Anyway, like I said, I don't think it's an awful solution to use 64-bit approaches or anything, but I don't think it's a better solution than what we'll end up doing, and in fact I think it might be provably worse in terms of efficiency. But we'll have to see in the end, because it's definitely something that will only be completely clear once there's a lot more code.

- Casey
But won't that part be basically the same whichever method you use?

You're going to need to put all the objects for the current "screen" (and maybe a bit more) into some shared 32 bit float space so you can do your physics and gameplay etc. on them, and then convert them back for storage when you're done, right?
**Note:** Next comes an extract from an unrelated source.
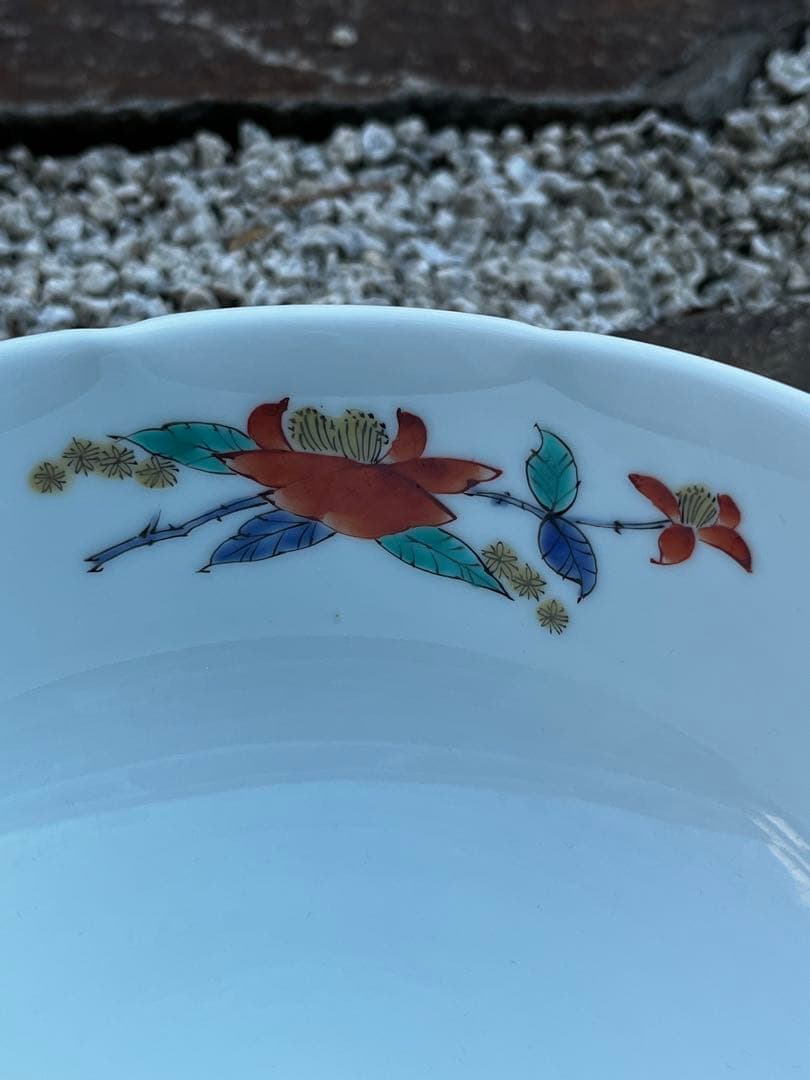 希少　有田焼　鷹峰　色鍋島　椿　絵付　深鉢　花弁型縁　アンティーク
So the only difference is what format the "storage" is done in.

So the question is if it's cheaper to convert a 32 bit "screen space" float to a 64 bit "screen-relative offset" (either a cast or a scale and cast depending on if you use a double or int64) and a single 64 bit add, or if it's cheaper to do your current "fmod" style operations followed by a couple of 32 bit ops.

I'd suspect your current method is probably less efficient because it just seems more complicated (and I'm just expecting the compiler to use the appropriate machine instructions to handle overflow etc. efficiently even on systems without native 64 bit ALUs). At the very least it's harder to understand to me.

Edited by Sebastian on
The way I usually do this is have a grid of "screens" which are each like 64x64 tiles or whatever (if bigger than the screen then the camera follows the player around that "screen" or "level"). Then basically store the player "screen index" (int) which is what screen they're in and their "screen position" (float) which is their position within their local "screen" or "level."

And then when combining / comparing, do the "canonization" thing to make sure everything's legit.

I never considered doing it another way, it's great to hear about these other approaches / methods.
ssylvan
So the question is if it's cheaper to convert a 32 bit "screen space" float to a 64 bit "screen-relative offset" (either a cast or a scale and cast depending on if you use a double or int64) and a single 64 bit add, or if it's cheaper to do your current "fmod" style operations followed by a couple of 32 bit ops.

You have to do the divide either way if you want to have arbitrary sized tiles. If you don't want to have arbitrary sized tiles, then you don't have to do the divide in either case.

The difference comes in what you do after you normalize back to "tile coordinates". If everything is stored 32-bit, then you remain the same width through the entire pipeline, and can always be 4-wide. If you are 64-bit, then you have to repack up and downshift to 2-wide in addition to whatever operations you're going to do.

Much like you, I only have a hunch that 64-bit will usually be slower :) We'll have to see what the actual thing looks like in the end to know. It may be that we end up not needing any of this because of something else that ends up happening :)

- Casey
Very interesting discussion here. I'd like to take the opportunity to ask you Casey:
Why worry so much about performance now?

I mean, you always talk about optimizing things for speed later on, after everything has already been settled and working as intended. Yet in this specific situation, you have chosen what seems to be a more complicated scheme for storing the coordinates basing the decision on performance metrics that not even you are sure would be worth it down the line.

Don't take this personally, but it really feels like a double standard issue. This is just classic premature optimization in my book. Besides, I believe you would be missing a good opportunity in the future to potentially teach people why using 64 bits was really a bad idea, when eventually you would, in the optimization step, try to then prove that using 32 bits would indeed be better. At that time, you would have almost all of the game ready, and would be able to actually measure the speed difference, something you just can't do now.

This is just one instance where I noticed you optimizing things prematurely, and I presonally think it is kind of bad for the purpose of the stream.

What are your thoughts?